Back to the crankshafts. After cutting, drilling and pinning the disks, they were milled to look like more like a crankshaft.


----------



## 1Kenny (Dec 25, 2007)

This is what they look like ready to fit to the shafts.






Next was to make a set of main bearing support blocks and see how they fit.


----------



## 1Kenny (Dec 25, 2007)

Now I have a _big problem_. There are many more parts to make due to me not being able to control myself. Once I started making the different crankshaft, I couldn't stop. So the next step is to make more main shaft supports. The lower single cylinder cranks are the split type with a 2-56 squeeze bolts. On the lower two cylinder crank I used 2-56 set screws to hold the shafts. The next two cranks are press fit to the shafts as is the four cylinder crank. 






They are all a little different and that is making it fun.

Kenny


----------



## rake60 (Dec 25, 2007)

LOL

There are many WORSE addictions out there Kenny!

Wonderful Work!

Rick


----------



## Brass_Machine (Dec 25, 2007)

I am having a heck of a time planning my first bar stock engine. This is not helping me by posting this. ??? Not that it is a bad thing. ;D

Looking good!


[Highjack] I have been tossing this one, a few of Elmer's engines around and a couple of Jerry Howell's engines around for my first. Gonna wait until I finish tooling up the lathe first. [\Highjack]

I love to see build logs of engines. keep it up.

Eric


----------



## 1Kenny (Dec 25, 2007)

Thanks for the compliment, Rick.

Eric,

It took me over a month to decide on this engine. I wanted to build one that had columns and an entablature involved. A big thing I have learned here is not to be worried about changing things on the plans. I have been looking at quite a few old engineering and machine books to get ideas for different machine bases that can be applied to the crankshaft main bearing supports. Planing is taking me longer than making the parts. 

Kenny


----------



## Cedge (Dec 26, 2007)

Kenny
Got to hand it to you... VERY nice work!!

Steve


----------



## 1Kenny (Dec 27, 2007)

Thank you, Steve.

This is one of the books I am looking at to get ideas.

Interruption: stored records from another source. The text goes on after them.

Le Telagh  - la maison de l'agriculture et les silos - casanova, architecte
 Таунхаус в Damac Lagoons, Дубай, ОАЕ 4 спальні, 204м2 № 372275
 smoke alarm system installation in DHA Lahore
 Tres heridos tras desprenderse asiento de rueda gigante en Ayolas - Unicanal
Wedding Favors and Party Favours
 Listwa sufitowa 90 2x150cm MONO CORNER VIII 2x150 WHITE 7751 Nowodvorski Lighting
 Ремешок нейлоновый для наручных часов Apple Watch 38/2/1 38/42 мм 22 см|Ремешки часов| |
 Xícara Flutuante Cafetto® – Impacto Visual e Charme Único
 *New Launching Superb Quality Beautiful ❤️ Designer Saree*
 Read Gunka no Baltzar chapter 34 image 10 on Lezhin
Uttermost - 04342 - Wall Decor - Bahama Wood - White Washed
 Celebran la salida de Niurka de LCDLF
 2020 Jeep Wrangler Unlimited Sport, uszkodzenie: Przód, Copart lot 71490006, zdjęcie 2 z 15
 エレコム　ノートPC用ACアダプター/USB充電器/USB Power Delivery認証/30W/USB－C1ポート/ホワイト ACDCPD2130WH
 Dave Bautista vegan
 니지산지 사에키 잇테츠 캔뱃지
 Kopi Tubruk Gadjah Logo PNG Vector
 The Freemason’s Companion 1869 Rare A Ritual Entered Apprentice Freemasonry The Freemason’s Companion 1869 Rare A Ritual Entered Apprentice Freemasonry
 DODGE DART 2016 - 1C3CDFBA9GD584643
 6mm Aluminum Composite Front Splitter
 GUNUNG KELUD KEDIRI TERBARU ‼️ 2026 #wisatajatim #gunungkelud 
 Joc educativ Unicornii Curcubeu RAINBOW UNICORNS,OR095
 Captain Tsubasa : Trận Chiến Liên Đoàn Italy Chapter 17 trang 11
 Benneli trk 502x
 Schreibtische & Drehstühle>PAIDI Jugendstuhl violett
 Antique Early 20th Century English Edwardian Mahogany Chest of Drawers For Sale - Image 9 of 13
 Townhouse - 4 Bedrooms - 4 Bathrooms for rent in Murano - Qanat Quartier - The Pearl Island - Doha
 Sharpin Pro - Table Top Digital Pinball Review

As I am not a learned man, it has a lot of pictures that can be applied to small engine parts.

Kenny


----------



## dparker (Jul 1, 2008)

Hello All: I finally got out of the chair in front of the computer and reading this forum and did something. When I received the last Machinist's Workshop magazine I liked the cover photo. I looked at the article by Walter Yetman and his instructions for building the engine, it looked like a nice quick weekend build. Well, being slow and trying to use what stock I had on hand and taking a little liberty with the design it only took me a week for a nice simple engine build.
I made the block a little longer and pressed in a brass tube for the bearing so the end leakage should be less, and used a piece of brass flat stock for the head. I should make some gaskets for the head and block to the cylinder.
Fun build! The engine runs well after breakin and still needs to be mounted on a base.










don


----------



## CrewCab (Jul 1, 2008)

That's a fine looking little engine Don, nice one 8)

CC


----------